At the American Interest Website, Walter Russell Mead writes, “Whether we are analyzing why blue liberalism doesn’t work anymore or trying to think about what kind of political synthesis could replace it, we should do something obvious and ask ourselves what it is that Americans want. “
Mead adds that, “In a big-picture, broad-brush way, the American people by and large have a Maslovian hierarchy of needs, and we want their political leaders to meet them all.” After running through them all (click over for his list), he concludes:
If you, Mr. or Ms. Aspiring Candidate, can deliver a policy package that most Americans think fulfills these five criteria, you will do more than win most of the elections most of the time. You will build the kind of loyalty and commitment that leads voters to forgive your occasional failures and faults and you will shift the whole political system in your direction, forcing even your opponents to work within your framework.
A generation ago, blue liberalism was pretty good at giving most of the people what they wanted, and between 1932 and 1968 blue liberals dominated American politics. From FDR to JFK (and LBJ until the Vietnam War went wrong and inflation got out of hand), liberal Democrats impressed most Americans with their ability to manage national security, build prosperity, honor the dignity of the common man and lead the world on the basis of a reasonably consistent and coherent world view. The one Republican who managed to get elected president during the only period of stable Democratic power since the Civil War was Dwight Eisenhower — a Republican who could have won the Democratic nomination in 1952 if he had wanted it, and who accepted the basic New Deal policies of the Roosevelt years and the national security policy of the Truman era.
Since that time, the terrain has shifted. From 1968 through 2010 we seem to have been in another era — one in which blue liberal candidates lost more elections than they won and the most successful Democratic president (President Clinton) was famous for embracing a key conservative talking point when he proclaimed that “The era of big government is over.” Many blue liberals hoped that President Obama’s election in 2008 meant that the tide had turned back; that hope looks less likely in late 2010.
I don’t think it’s a coincidence that in the wake of President Reagan’s two terms and near the end of GWB’s first, Ann Coulter wrote in 2004:
When they’re running for office, all Democrats claim to support tax cuts (for the middle class), to support gun rights (for hunters) and to “personally oppose” abortion. And then they get into office and vote to raise taxes, ban guns and allow abortions if a girl can’t fit into her prom dress.
The common wisdom holds that “both parties” have to appeal to the extremes during the primary and then move to the center for the general election. To the contrary, both parties run for office as conservatives.

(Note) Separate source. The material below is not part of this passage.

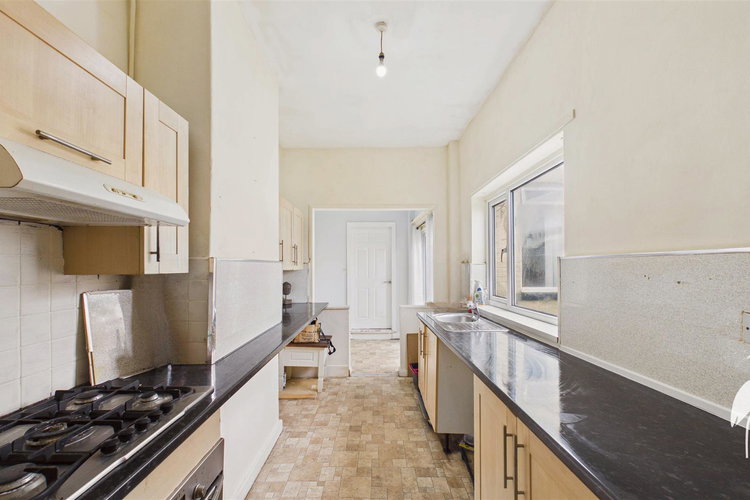 Kitchen - Picture 9 of 15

Once they have fooled the voters and are safely in office, Republicans sometimes double-cross the voters. Democrats always do.
And while Obama had the furthest distance to go in feinting a pivot from the hard left at the start of the primaries towards the center by the fall of 2008, he did a remarkable job of bringing in centrists from the Army of Davids (Frum, Brooks and Gergen, alas), Peggy Noonan, and in a classic case of “screw dad,” Christopher Buckley, along with Paul Volcker, a liberal economist appointed by Carter, but much beloved by conservatives for his role in helping to rebuild the economy when President Reagan held him over for his first term.
If only a plumber hadn’t gotten between the president-to-be and his teleprompter, Obama could have kept this charade going until January, heck, maybe even early February of 2009.
Flash-forward to the winter of the liberal shellacking. This week, James Pethokoukis of Reuters spots Obama trying to pivot as his liberal dream collapses. (Though the lame-duck Senate seems to be doing their damndest to go out flying the flag for the ruling class.) James writes:
The failure to pass a 2011 budget is also tremendously positive. It shows the impact of the Tea Party movement has not waned since the November midterms. This creates a situation next year where the flood of new Tea Party Republicans can combine a threat of government shutdown with a refusal to raise the national debt ceiling so as to squeeze spending cuts out of Obama and congressional Democrats.
Indeed, some GOP insiders believe the president — with a bit of nudging — may be ready to strike a deal to reform the tax system and cut future Social Security benefits along lines suggested by his own debt commission earlier this month. And as the tax compromise shows, Obama now seems willing to anger some within his own party in order to get legislation passed and win the reelection.
But if Obama does manage to somehow eke out a second term, it will be as president of a country that he may understand a bit better than he did two years ago. His true value and concerns in 2008, it turns out, were not those of most of his countrymen. Most Americans were not itching for government-run healthcare, a vast energy bureaucracy, an expansion of union power or new penalties on success and wealth creation. To a great extent, the term Tea Party America is redundant. The U.S. remains a center-right nation, and prosperity usually ensues when its leaders understand this.
How does Obama position himself for 2012? And how should the GOP candidate, whoever he or she is, best prepare for this?